Saturday, December 6. 6pm-11:30pm. There’s always a little feet finding that goes on when you move into a new location. Not only do you have to bring in, stage, and organize all of the gear, but you have to figure out the parameters of shooting in the new location and set everything up. There’s a section of this episode that takes place in a clothing store, and that’s the location we were getting used to for the night. Once everyone was assembled, we started checking stuff off the shotlist and all of the actors did such an amazing job. We paused for dinner from a Mexican restaurant a few blocks over and got two thirds of the shotlist scratched off before calling it a night and stashing all of our gear in the back office. There’s SO MUCH visual interest all over this clothing store. They have all kinds of colored lights strung up and a myriad of colors hanging all over the place. It’s a great, rich backdrop for all of the action. I love it.

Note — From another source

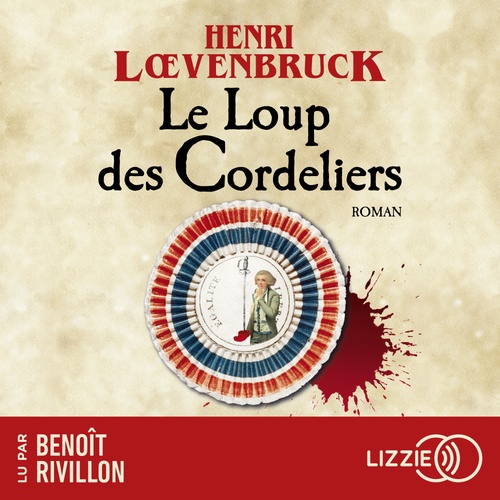 Couverture audiobook de Le Loup des Cordeliers, de Henri Loevenbruck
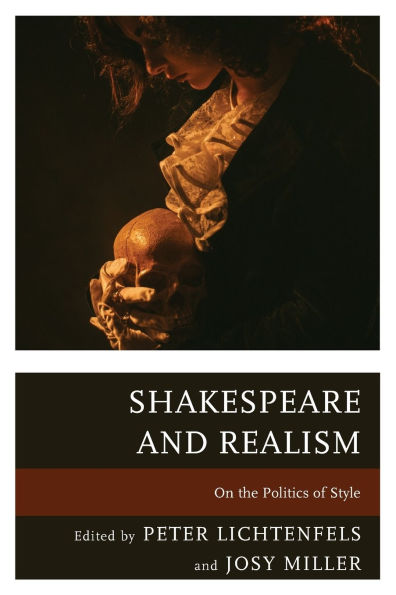 Shakespeare and Realism: On the Politics of Style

Sunday, December 7. 5pm-11pm. Another night at the clothing store. I get anxious and fidgety if I have to sit around too long before a shoot, so Eliza and I got there an hour early. We started assembling gear and I got the lighting set up for our first shot. Once the actors arrived, we had about a full hour of wound makeup application before we could shoot anything. We’ve been using these pre-fabricated wound makeup applications called FX Transfers. They look really great, and we’ve had great success with the larger wounds, but we had the hardest time in the world getting this small one attached. It should have taken half the time it took, but it ended up looking great, so what are you going to do? Another night of knocking off the shotlist. That’s pretty much what shooting is. Conversations about shooting and then shooting, over and over again. Dinner was from a chicken place across town that delivers in their truck with a giant chicken head with red glowing eyes attached to the roof. The delivery truck alone would be worth the order even if their food wasn’t so flipping amazing. Really great food. It was another great shoot night. Great performances, really great looking shots. I’m just getting a little worn out between work and shooting and Chicago going through the coldest winter since 1904.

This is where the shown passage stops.